* WHAT IS NEEDED:
Once the images are removed, set down everything else in the listing below exactly.

* COLLECTED DATA:
BEGIN

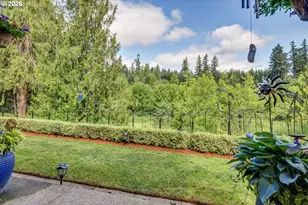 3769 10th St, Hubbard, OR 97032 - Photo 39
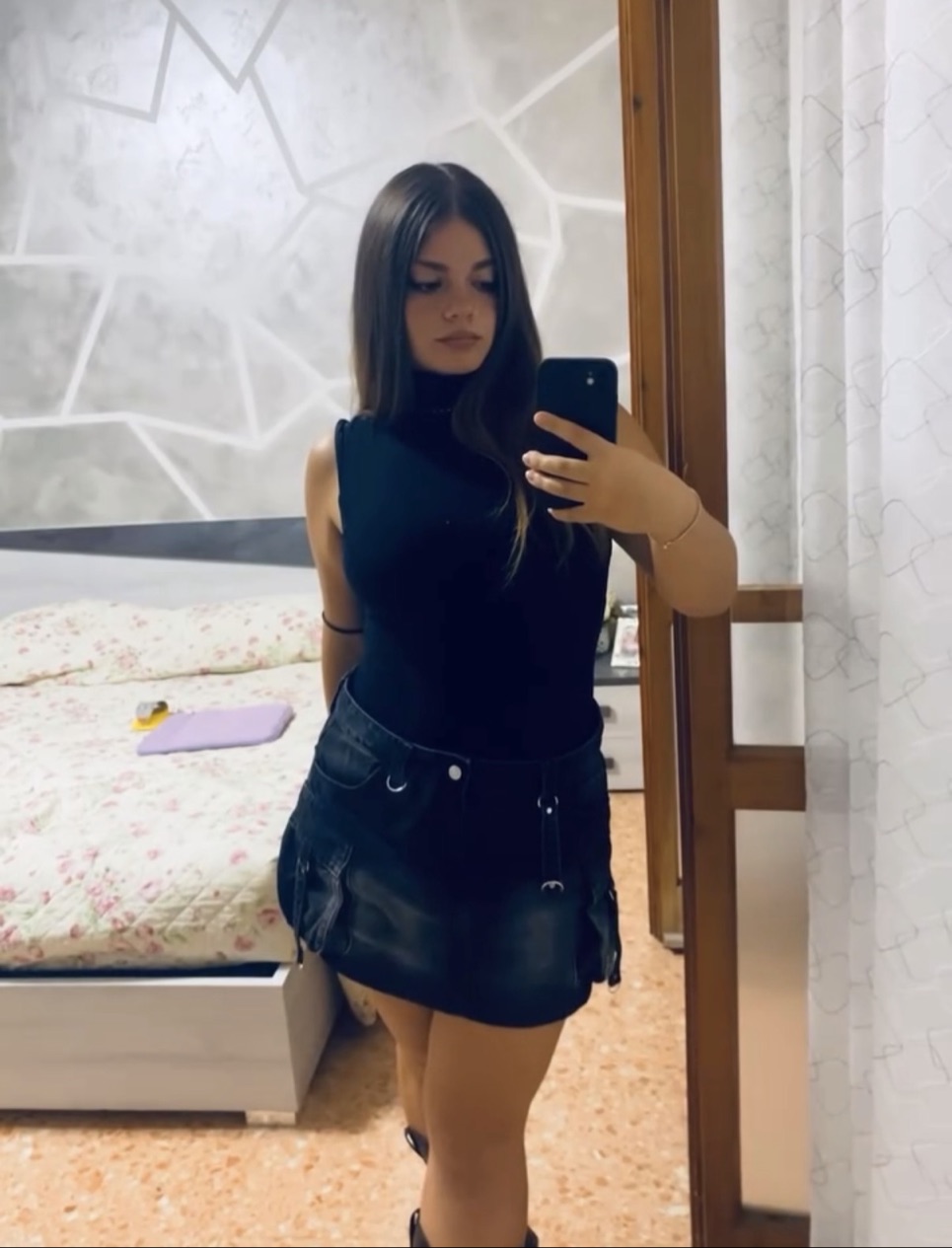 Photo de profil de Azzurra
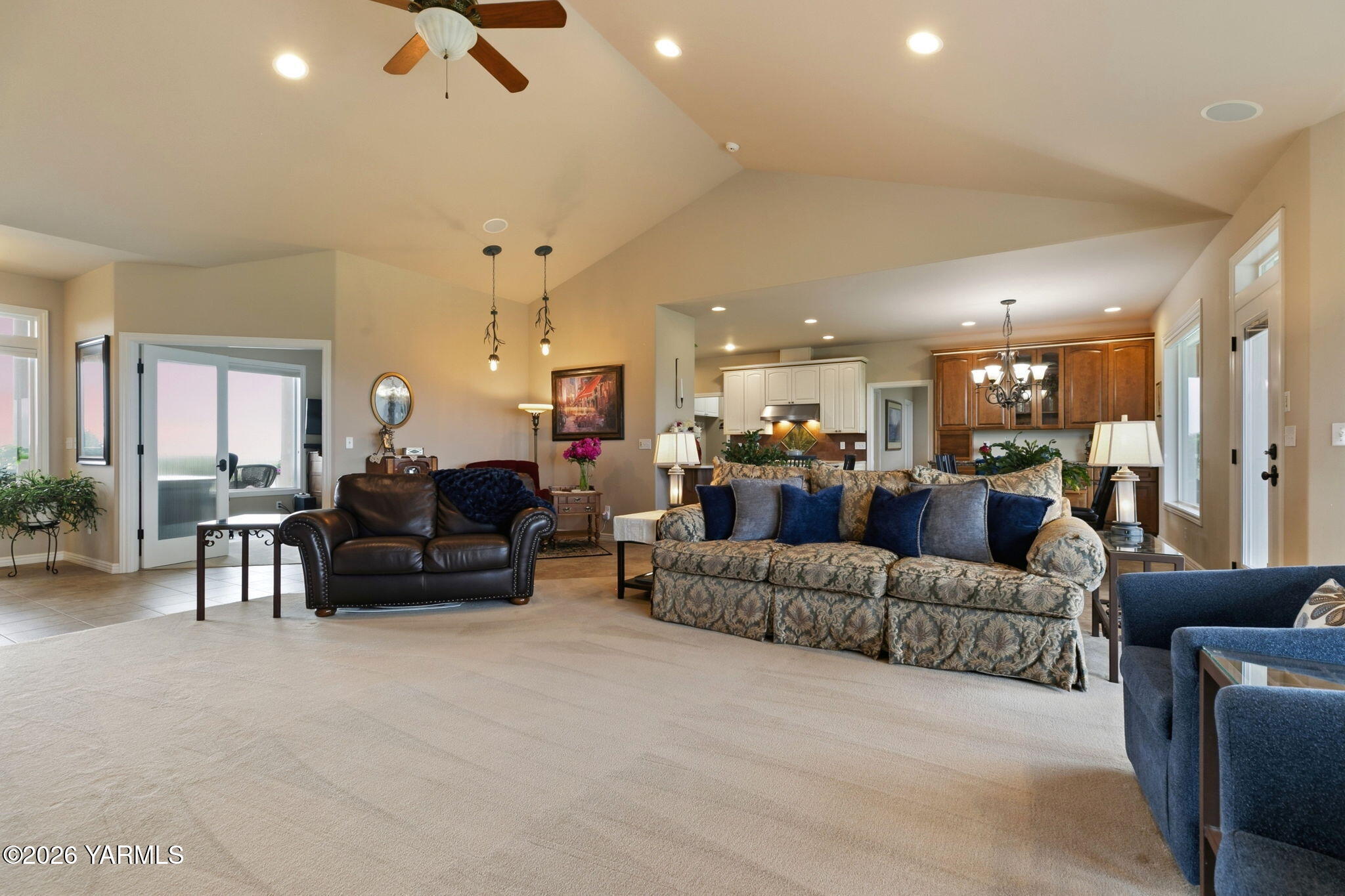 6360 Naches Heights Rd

END

* RESULT FOR THIS TASK:
 3769 10th St, Hubbard, OR 97032 - Photo 39
 Photo de profil de Azzurra
 6360 Naches Heights Rd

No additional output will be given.